— WORK REQUIRED —
In the data below, find the line with "2 biciclette Mountain" and the line with "卧底回来剧情介绍（卧底回来电视剧简介）", then restate both and every line between them exactly, minus the pictures.
*** DATASET RECORDS Section Begins ***
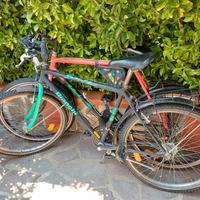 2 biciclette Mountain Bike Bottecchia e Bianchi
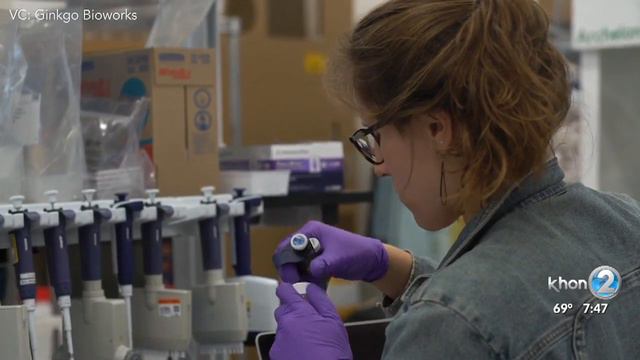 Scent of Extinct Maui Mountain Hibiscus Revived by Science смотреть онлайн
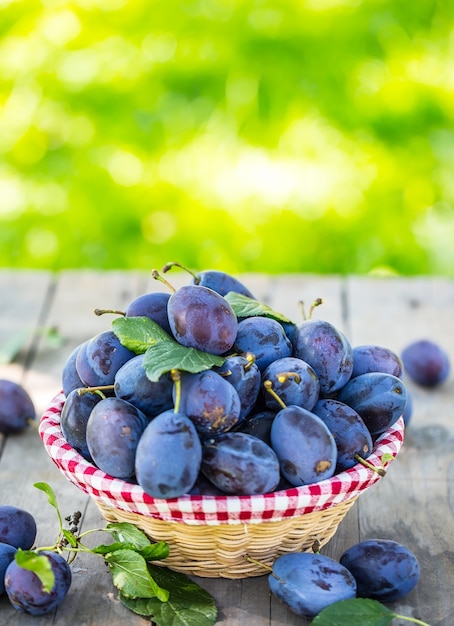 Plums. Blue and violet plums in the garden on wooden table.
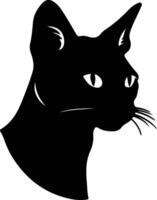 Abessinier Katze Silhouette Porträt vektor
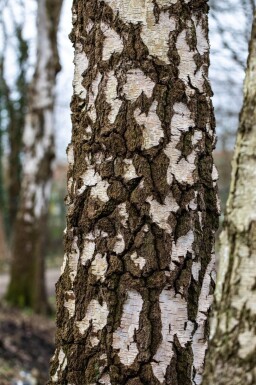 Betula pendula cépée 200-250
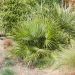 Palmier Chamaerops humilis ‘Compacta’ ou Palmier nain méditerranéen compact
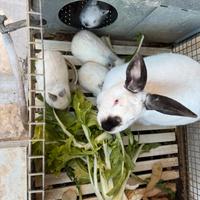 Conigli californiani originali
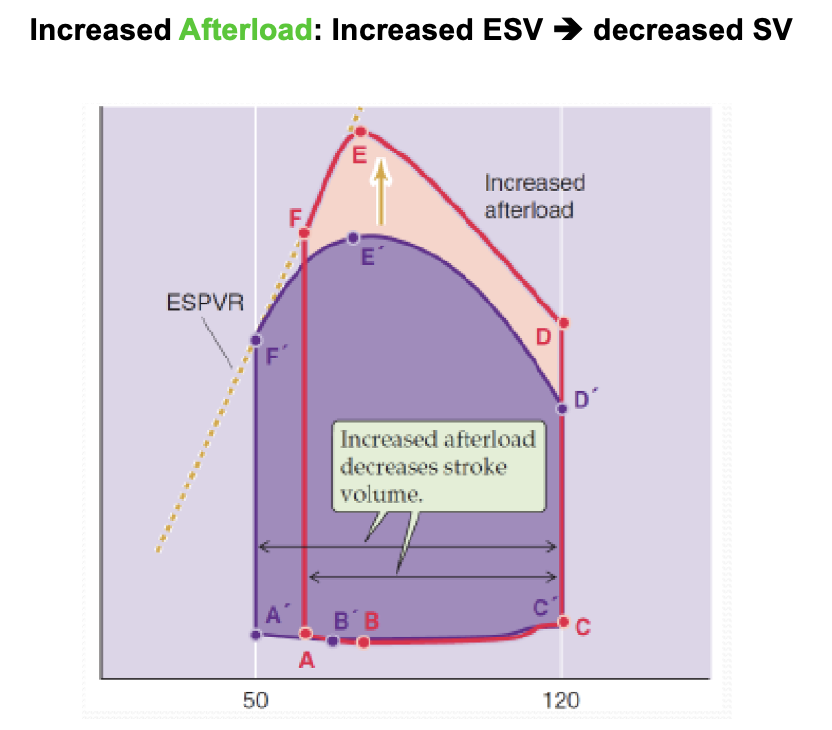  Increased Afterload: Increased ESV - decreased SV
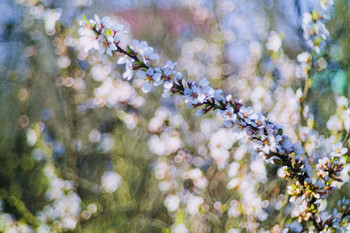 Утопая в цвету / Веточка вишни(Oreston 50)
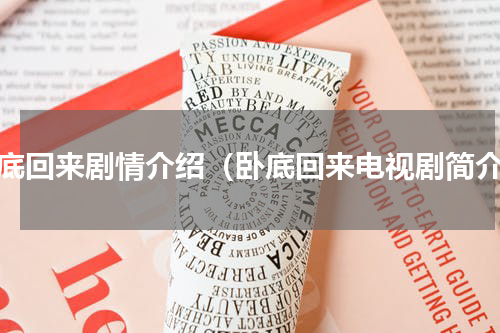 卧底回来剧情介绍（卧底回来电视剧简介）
*** DATASET RECORDS Section Ends ***
*** DATASET RECORDS Section Begins ***
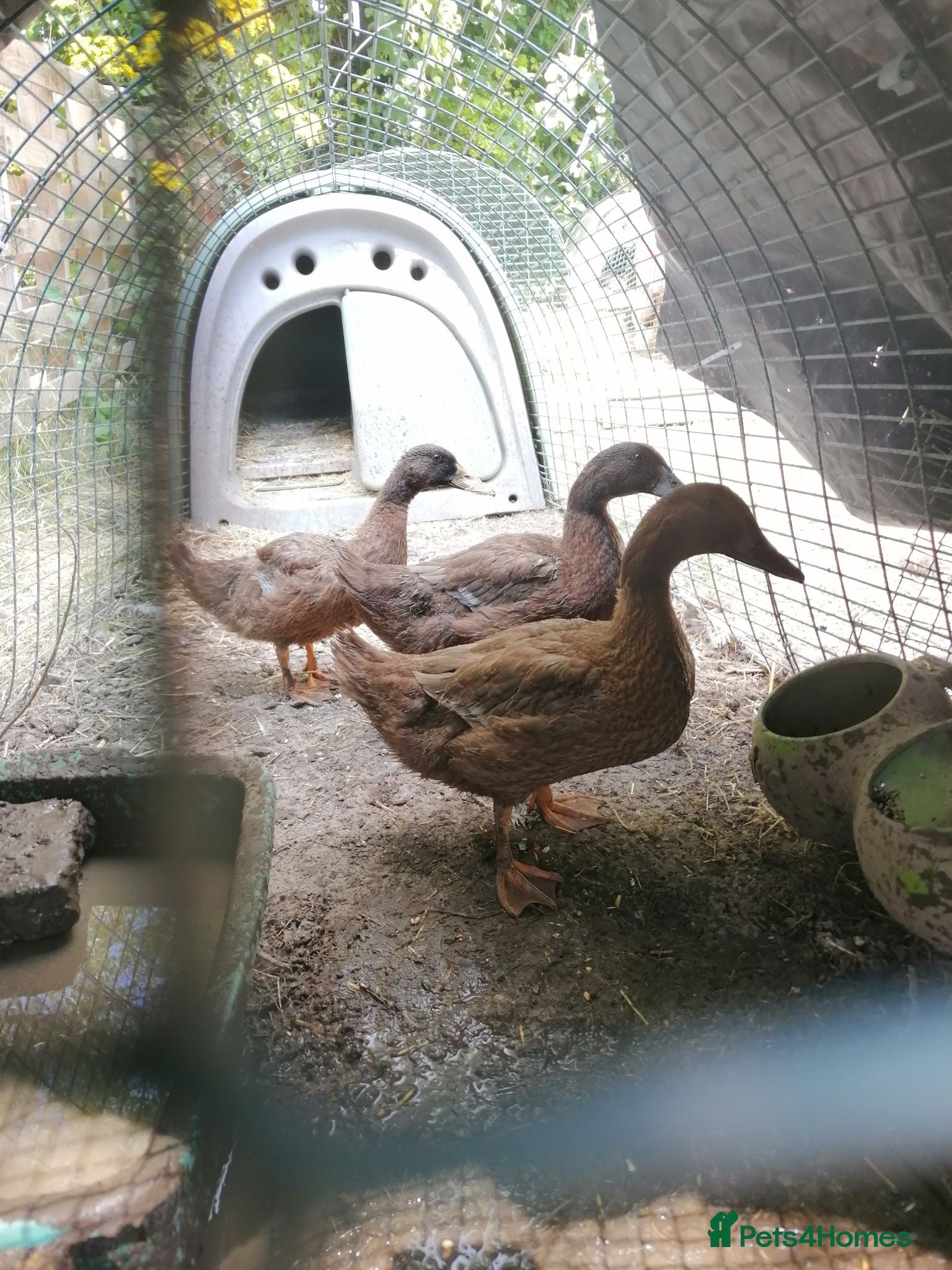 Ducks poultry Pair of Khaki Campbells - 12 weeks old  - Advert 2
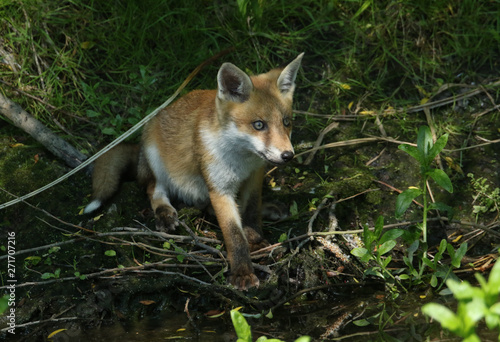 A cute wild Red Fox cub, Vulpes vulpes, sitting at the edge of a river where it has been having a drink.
*** DATASET RECORDS Section Ends ***
— RESULT FOR THIS TASK —
 2 biciclette Mountain Bike Bottecchia e Bianchi
 Scent of Extinct Maui Mountain Hibiscus Revived by Science смотреть онлайн
 Plums. Blue and violet plums in the garden on wooden table.
 Abessinier Katze Silhouette Porträt vektor
 Betula pendula cépée 200-250
 Palmier Chamaerops humilis ‘Compacta’ ou Palmier nain méditerranéen compact
 Conigli californiani originali
  Increased Afterload: Increased ESV - decreased SV
 Утопая в цвету / Веточка вишни(Oreston 50)
 卧底回来剧情介绍（卧底回来电视剧简介）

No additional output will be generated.